Jewish holidays and observances, with the exception of some fasts, begin on the evening previous to the first day. Many require special additional prayers and services that are held in the Synagogue. Jewish Holidays with Sabbath-like restrictions, such as those listed below, require that all normal business, school or secular activities cease about two hours before sundown on the eve of the Holiday to allow for adequate preparations.

Rosh Hashanah
By western calendar the 2008 Rosh Hashanah marks New Year's Day in the year 5769 on the Jewish calendar, and the anniversary of the creation of the world. On the 2008 American calendar, Rosh Hashanah begins at sundown September 29. This is the first of the Ten Days of Awe (or Repentance.) Reform Jews celebrate the holiday for one day. All other Jews celebrate for two.

Yom Kippur
Yom Kippur (Day of Atonement) is the holiest day of the Jewish year and is a day of fasting. To re-establish oneness with God, Jews ask forgiveness and forgive others. Then they can confess their sins and ask God's forgiveness. On the American calendar for 2008, Yom Kippur begins at sundown on October 8.
For more information about these important Jewish holidays, the following websites are recommended.

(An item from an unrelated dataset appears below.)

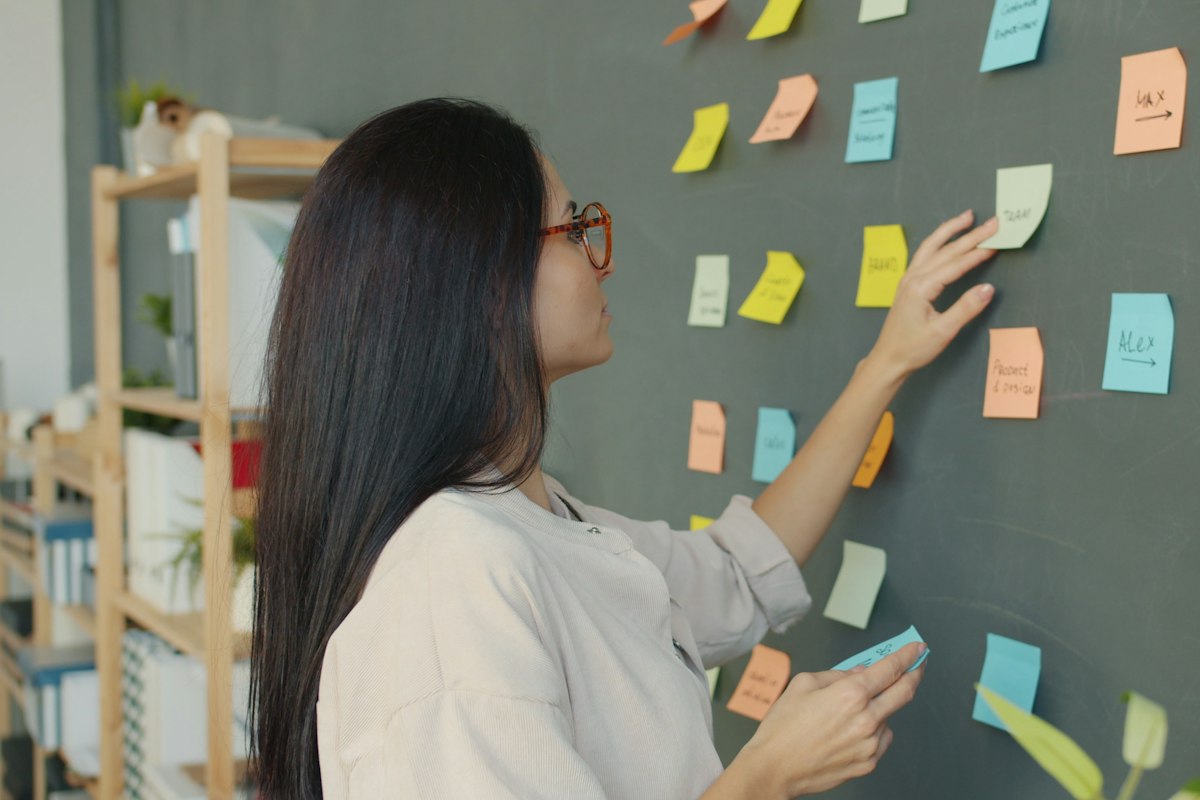 A project lead arranging tasks on a wall of sticky notes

Judaism 101: Jewish Holidays

Jewish Calendar

Muslim Holidays

Ramadan is the ninth month of the Islamic lunar calendar. Every day during this month, Muslims around the world spend the daylight hours in a complete fast. Muslims are called upon to use this month to re-evaluate their lives in light of Islamic guidance. They are to make peace with those who have wronged them, strengthen ties with family and friends, and do away with bad habits. The Arabic word for "fasting" (sawm) literally means "to refrain" - and it means not only refraining from food and drink, but from evil actions, thoughts, and words. On the American calendar, Ramadan fasting begins on September 2, 2008.

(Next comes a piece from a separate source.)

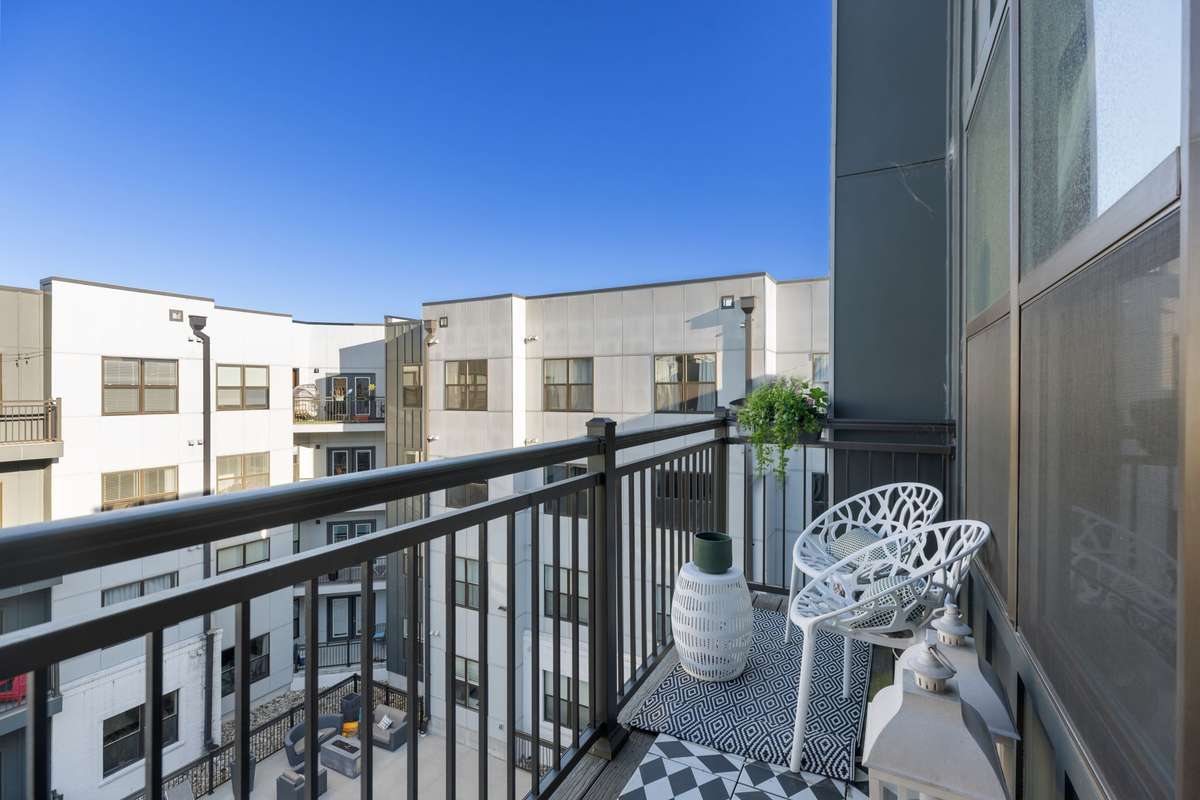 Spacious balcony with ample room for patio furniture overlooking the pool and the pool deck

Eid al-Fitr (the Festival of Fast-Breaking)
At the end of Ramadan, Muslims throughout the world have a three-day celebration called Eid al-Fitr (the Festival of Fast-Breaking). It is a time to give charity to those in need, and celebrate with family and friends the completion of a month of blessings and joy. On the American calendar, Eid al-Fitr is scheduled to take place from October 1, 2008.